Через несколько минут полицейский наряд уже обшаривал все закоулки, но злоумышленники как сквозь землю провалились.
И Гомесу становилось не по себе при мысли о предстоящей встрече с капитаном Диасом.
Митинг
Бойцы СФНО захватили в Манагуа радиостанцию «Радио Мундьяль» и призвали к вооруженному восстанию...
Каратели жестоко расправляются с мирным населением. По неполным данным, убито около 10 тысяч человек...
Партизаны перешли в наступление на обширной территории страны...
Из сообщений газеты «Баррикада» за сентябрь — ноябрь 1978 года.
Луис Альфонсо Веласкес.
Антигосударственная деятельность:
Сентябрь — ноябрь 1978 года. Расклеивал антиправительственные листовки на автовокзале, в районах Мирафлорес и Метросентро... В Центральном парке «Рубен Дарио» распространял антиправительственную газету «Баррикада»...
Из полицейского досье.
В актовом зале университета царило непривычное оживление. Студенты, устроившись прямо на полу, писали плакаты и транспаранты. Затем развешивали их по стенам. На сцену выдвинули трибуну, украсили ее кумачом. Принесли микрофон и динамики.
Готовился митинг.
В полдень к университету начали стекаться люди, большей частью молодые рабочие и студенты. Они шли в актовый зал, не обращая внимания на наряды полиции, окружившие университетскую площадь.

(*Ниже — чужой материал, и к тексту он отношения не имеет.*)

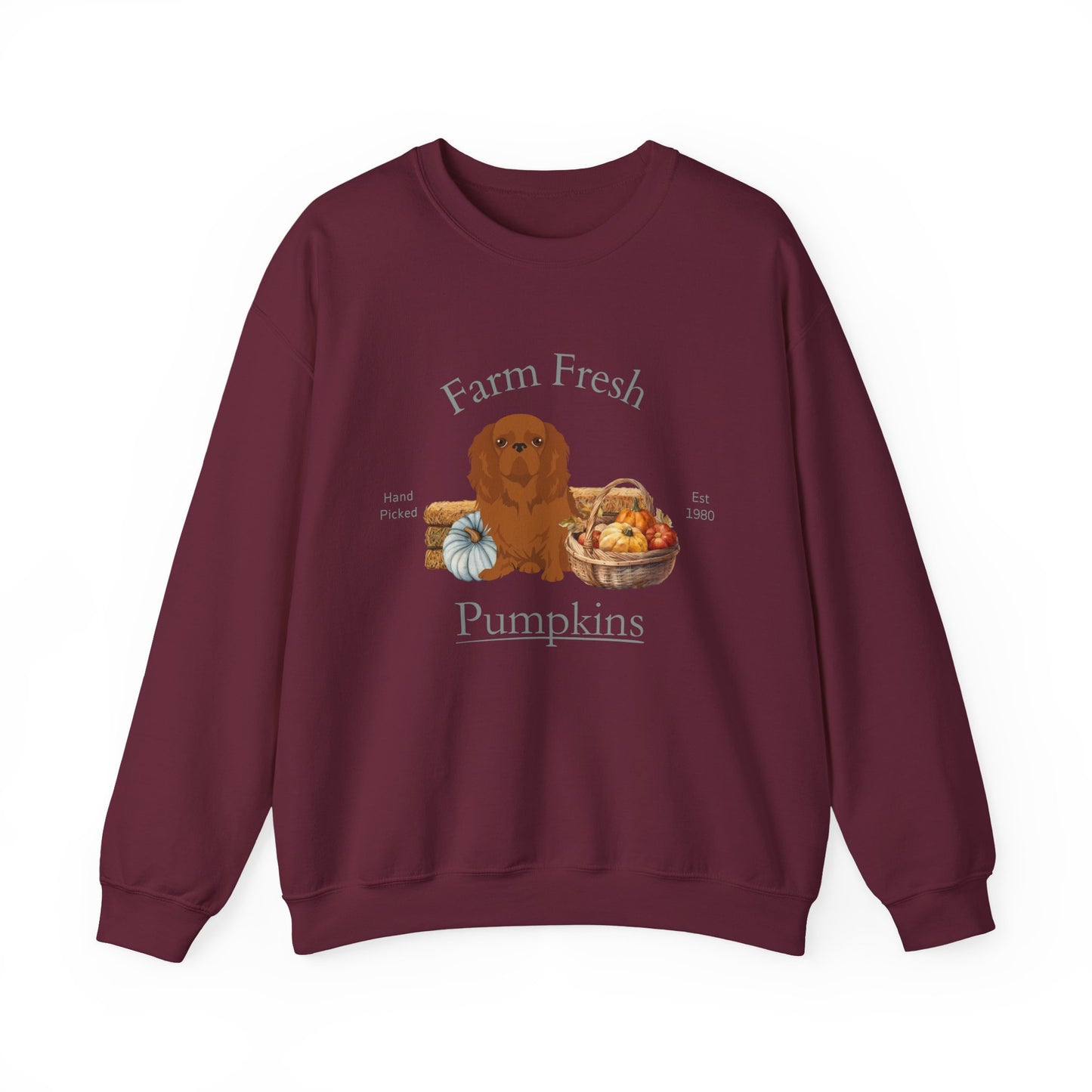 English Toy Spaniel Dog Fall Farm Fresh Unisex Heavy Blend Crewneck Sweatshirt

Луис узнал о митинге от брата. Узнал случайно. Накануне к Роберто приходили его друзья, и Луис услышал, как, прощаясь, Роберто шепнул одному из них:
— Встретимся завтра на митинге в университете...
В тот же день Луис собрал своих друзей на развалинах пекарни.
— Что случилось? — едва переведя дух, спросил Четага. — Мы с Профессором бежали, будто за нами гналась бешеная собака. Отец говорил, ты дважды приходил. Обязательно, говорил, хотел меня увидеть. И Виалеса.